I have searched the forum, and can see that many people recommending E-MU or M-Audio sound cards. But I cannot find a post telling a "succes story" about a specific card.

So I was hoping if anyone can tell if they have used one of the two following usb-cards succesfully with REW?

M-Audio Mobile Pre USB

E-MU 04040

The two cards above have the right price (for me) and have phantom power for the microphone. I am using a Behringer ECM8000 with it. Personally I am leaning towards the M-Audio. But I would appreciate hearing about some experiences before buying


----------



## brucek (Apr 11, 2006)

Any soundcard will work with REW as long as it has a line-out and line-in (or an XLR mic in with phantom power).

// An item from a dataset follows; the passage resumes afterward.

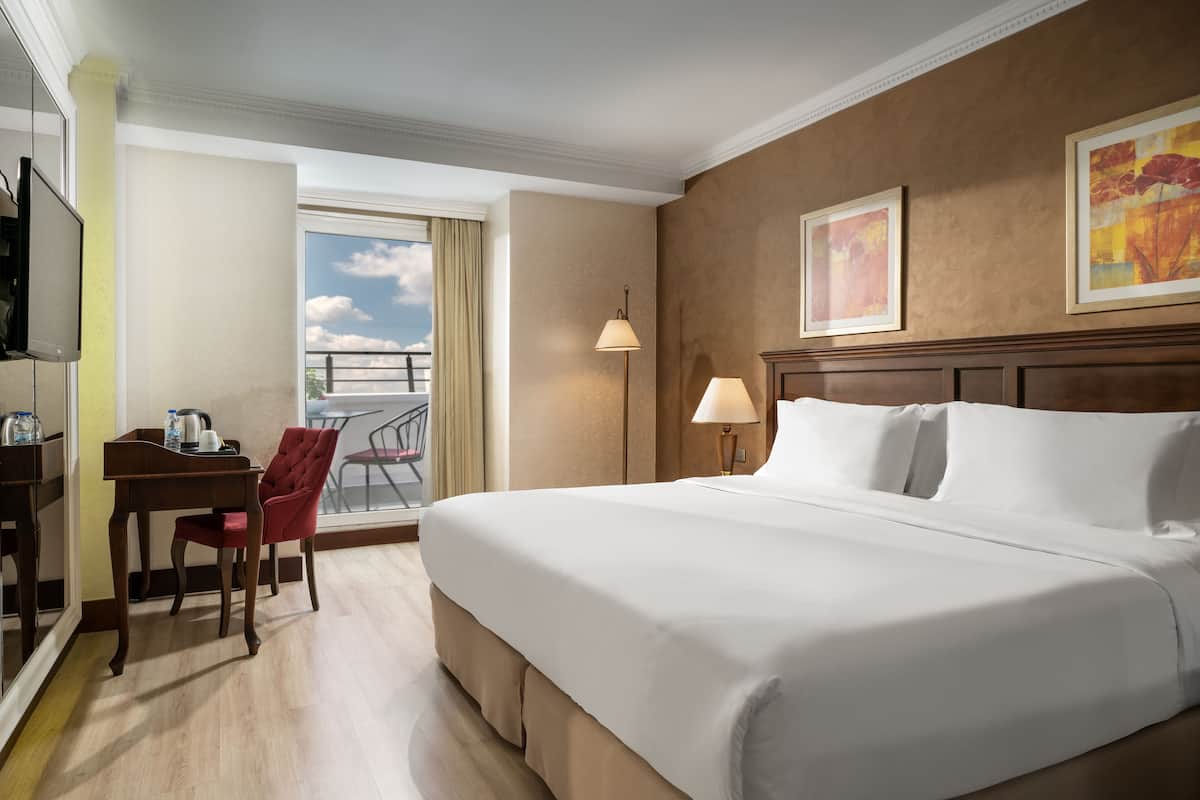 A hotel room with a large bed, a desk with a chair, a TV, and a balcony with a view of the sky.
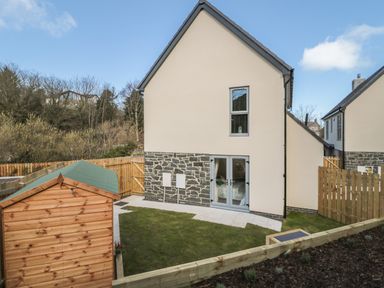 A backyard with a grass lawn a wooden shed a paved area and a two-story house with stone and beige walls at High Tide House in Craster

The only problems have been with cards that the manufacturers haven't provided proper drivers for Vista or W7.

brucek


----------



## Jonas_h (Jan 7, 2009)

brucek said:


> Any soundcard will work with REW as long as it has a line-out and line-in (or an XLR mic in with phantom power).
> 
> The only problems have been with cards that the manufacturers haven't provided proper drivers for Vista or W7.
> 
> brucek


I know, but even though all sound cards should work in theory, I still see forum topics about cards which cannot calibrate probably etc. So I would feel best about buying a card which I know some people have used with succes running vista/W7.


----------



## Wayne A. Pflughaupt (Apr 13, 2006)

If you want the sound card merely for REW and don’t specifically need some feature that the M-audio and E-MU offer, you might consider the Tascam US-122L. It’s quite a bit cheaper than those other two you’re looking at.

Here’s a thread where the M-Audio was used successfully – not sure what the OS was, however.

What you might do is Google “m-audio mobile pre reviews” etc. and see what you can find on these cards. Often people will mention what their OS is in their comments.

Regards,
Wayne


----------